Exercise description: Lines from the line with "Kingston Server Premier" to the line with "The Lightning" in the entries below, and only those, must be output exactly, with both ends included.

**** Records for processing ****

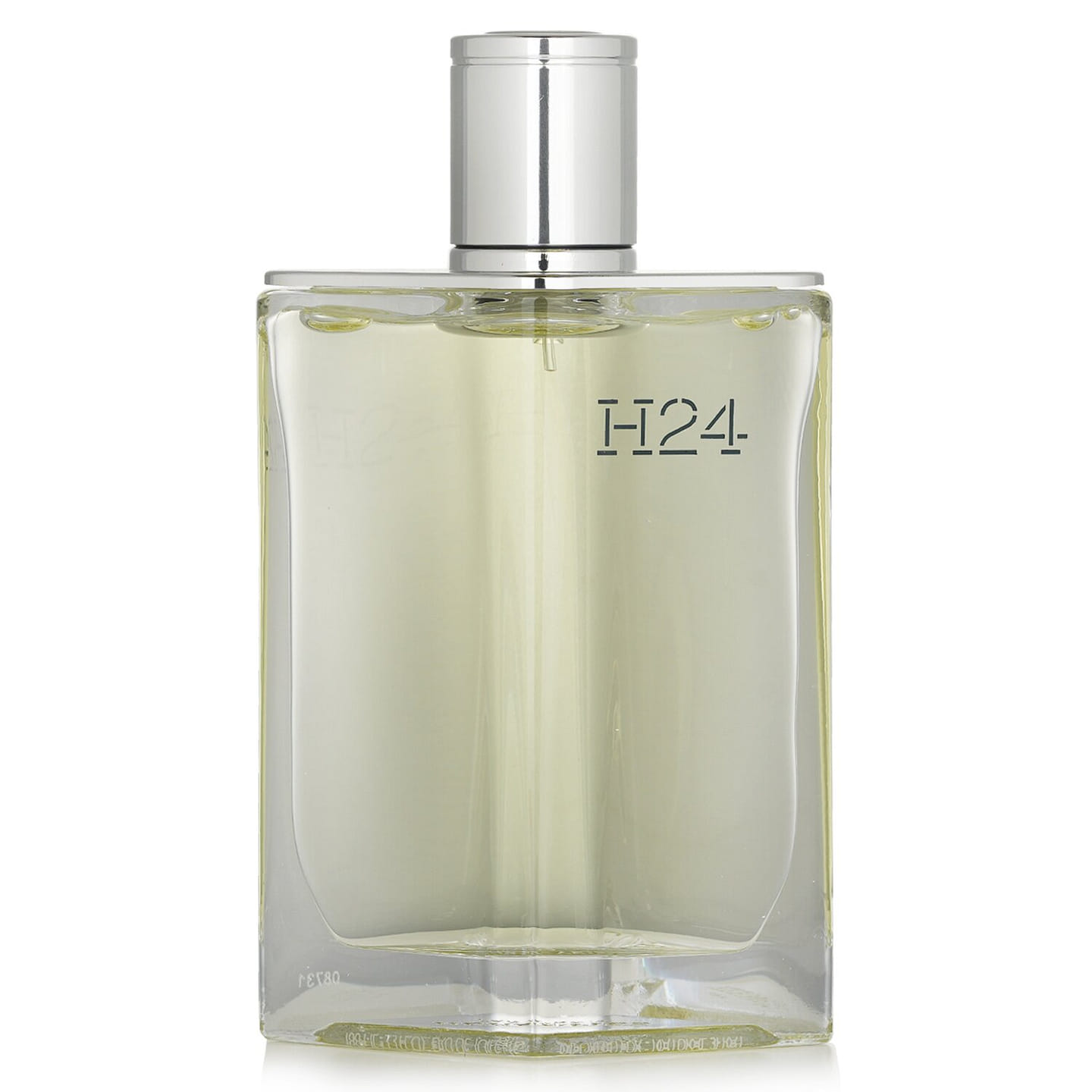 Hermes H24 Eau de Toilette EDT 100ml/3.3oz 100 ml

****
**** Records for processing ****

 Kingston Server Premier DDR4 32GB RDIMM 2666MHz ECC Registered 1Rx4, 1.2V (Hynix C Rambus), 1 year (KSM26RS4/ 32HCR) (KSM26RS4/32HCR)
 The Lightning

****

Solution below:
 Kingston Server Premier DDR4 32GB RDIMM 2666MHz ECC Registered 1Rx4, 1.2V (Hynix C Rambus), 1 year (KSM26RS4/ 32HCR) (KSM26RS4/32HCR)
 The Lightning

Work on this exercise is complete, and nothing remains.